Des pointes de jaune, de vert et de rouge éclairent une dense peinture verticale. Sur une toile de 2,80 m de hauteur et de 2 m de largeur, des milliers d’aplats rectangulaires en dégradés multicolores foisonnent et finissent par dessiner un paysage abstrait. Réalisée en 1954, ce tableau est l’un des chefs-d’œuvre de Jean-Paul Riopelle. L’artiste né à Montréal en 1925 et décédé en 2002, membre, dans les années 40, du groupe d’artistes québécois les Automatistes, s’est imposé au fil de sa vie entre Paris et les États-Unis comme l’un des grands héritiers de l’expressionnisme abstrait sans pour autant s’en revendiquer. L’une de ses techniques récurrentes, consistant à superposer des fragments colorés de peinture à l’huile à l’aide d’un couteau à palette, est devenue sa signature et le distingue d’un Jackson Pollock ou encore d’une Joan Mitchell, son épouse pendant plus de vingt ans. Cette technique est justement à l’œuvre dans La Sombreuse, pièce phare de la prochaine vente consacrée à l’art contemporain de la maison Christie’s, organisée ce vendredi 3 décembre à Paris. Inspirée, comme souvent chez Jean-Paul Riopelle, par la richesse de la nature avec laquelle il semble entamer une danse picturale, la toile date de la première année où Jean-Paul Riopelle représente le Canada à la Biennale de Venise, avant qu’il n’y revienne une seconde fois en 1962. Un fort contexte historique qui, en plus de l’évidente maîtrise artistique qui caractérisa sa réalisation, vaut au lot d’être estimé aujourd’hui entre 2,5 et 4 millions d’euros.
Si La Sombreuse est l’une des pièces les plus étonnantes de cette vente, on découvre d’autres trésors parmi la centaine de lots qui passeront demain sous le marteau.
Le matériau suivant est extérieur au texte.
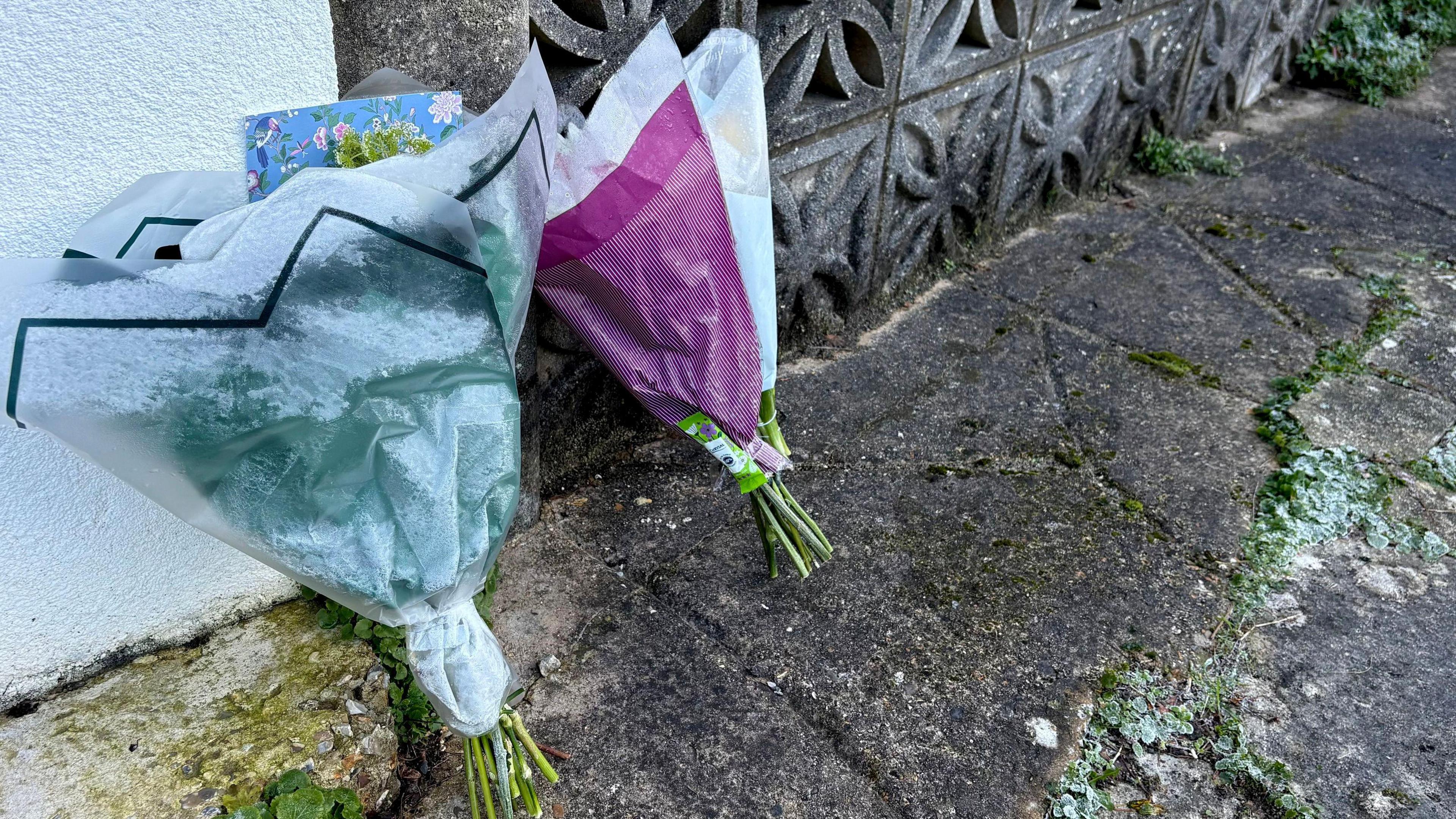 Two bunches of flowers resting against a wall on the street floor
D’une sculpture en fonte représentant un homme au corps difforme signée Germaine Richier à une large peinture abstraite de Maria Elena Vieira da Silva, en passant par des dessins du grand couturier Yves Saint Laurent, la sélection est variée et les grands noms de la peinture occidentale des XXe et XXIe siècles n’y sont pas en reste : Lucio Fontana, Serge Poliakoff, Hans Hartung, Anselm Kiefer, Piero Manzoni… On en retiendra également une composition géométrique verte signée par le peintre et professeur au Bauhaus Josef Albers, actuellement à l’honneur avec son épouse au musée d’Art moderne de Paris, où l’on retrouve son traditionnel camaïeu de couleurs et ses imbrications de carrés que Christie’s estime aujourd’hui entre 200 000 et 300 000 euros, tandis qu’un Outrenoir de Pierre Soulages daté de 2006 pourrait bien atteindre le million.
Vente d’art contemporain le 3 décembre chez Christie’s Paris.